The Problem MCP Solves

31 min Beginner

Model Context Protocol Fundamentals

What is the Model Context Protocol?

The Model Context Protocol (MCP) is an open standard introduced by Anthropic in 2024 that defines a universal interface between AI language models (or agents) and external tools, data sources, and services.

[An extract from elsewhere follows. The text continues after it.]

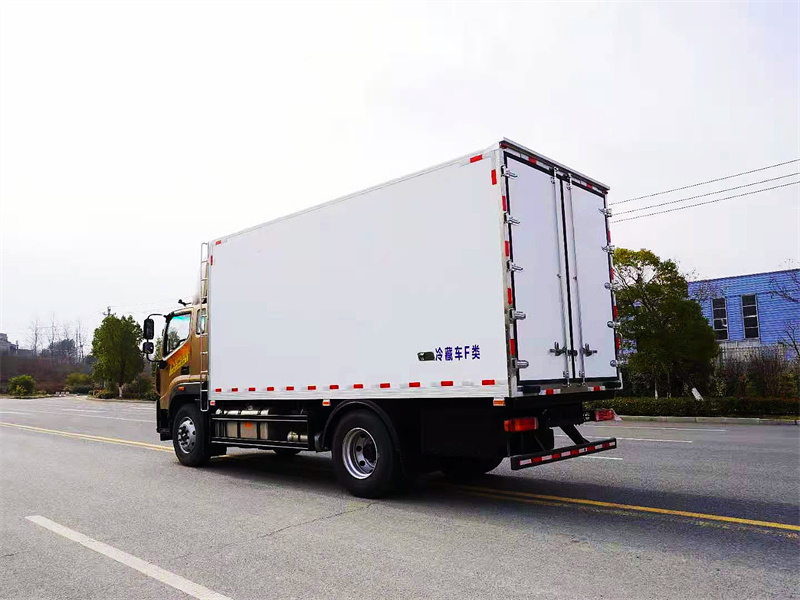 福田奧鈴大黃蜂5.3米冷藏車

Before MCP, every AI framework — LangChain, OpenAI, AutoGPT, LlamaIndex — invented its own incompatible tool format, forcing developers to rewrite integrations for each platform.

MCP solves this by acting like a USB-C for AI tools: build one MCP server that exposes your capabilities, and any MCP-compatible client — regardless of the underlying model or framework — can use it without modification.

The Context Problem

LLMs and agents need access to tools:

  • Database queries
  • API calls
  • File system access
  • Business logic

Each framework implemented tools differently!

LangChain format:
{
  "name": "search",
  "description": "Search the web",
  "parameters": {...}
}

OpenAI format:
{
  "type": "function",
  "function": {
    "name": "search",
    "description": "Search the web",
    "parameters": {...}
  }
}

AutoGPT format:
class SearchTool:
  def execute(self, query):
    ...

Problem: No interoperability!

The MCP Solution

A single, standardized protocol:

  • How clients request tool execution
  • How servers describe available tools
  • How results are returned
  • Security & authentication

MCP Architecture

┌──────────────┐
│ LLM Client   │  
│ (Claude)     │
└──────┬───────┘
       │ MCP Protocol
       │ (JSON-RPC)
┌──────▼───────────────┐
│ MCP Server           │
│ (Tool Provider)      │
│ - Database tools     │
│ - API tools          │
│ - Custom logic       │
└─────────────────────┘

Key Concepts

1. Client

The AI system requesting tool access:

  • LLM (Claude, GPT-4)
  • Agent system
  • Custom application

2. Server

The tool provider exposing capabilities:

  • Hosts actual tool implementations
  • Handles authentication
  • Returns results to client

3. Protocol

Standardized communication:

  • JSON-RPC format
  • Transport: stdio, HTTP, WebSocket
  • Bidirectional communication

MCP Capabilities

Tools

Function-like capabilities server provides.
Client calls tool → Server executes → Returns result

Example: search, calculate, query_database

Resources

Data/files server manages.
Client reads resources → Server returns data

Example: files, documents, knowledge base entries

Prompts

Pre-written prompts server provides.
Client requests prompt → Server returns structured prompt

Example: "Summarize document", "Generate test cases"

Why Standardization Matters

Before MCP (2024):
- 50+ tool formats
- Incompatible ecosystems
- Duplicate implementations
- Vendor lock-in

With MCP (2025+):
- 1 standard protocol
- Interoperable systems
- Reusable servers
- Framework-agnostic

Real-World Analogy

Without MCP: APIs without REST
- Each company had their own API format
- Developers had to learn each one
- Code wasn't reusable

With REST standard:
- Single API format everyone follows
- Developers learn REST once
- APIs are interchangeable

MCP does the same for AI tool integration!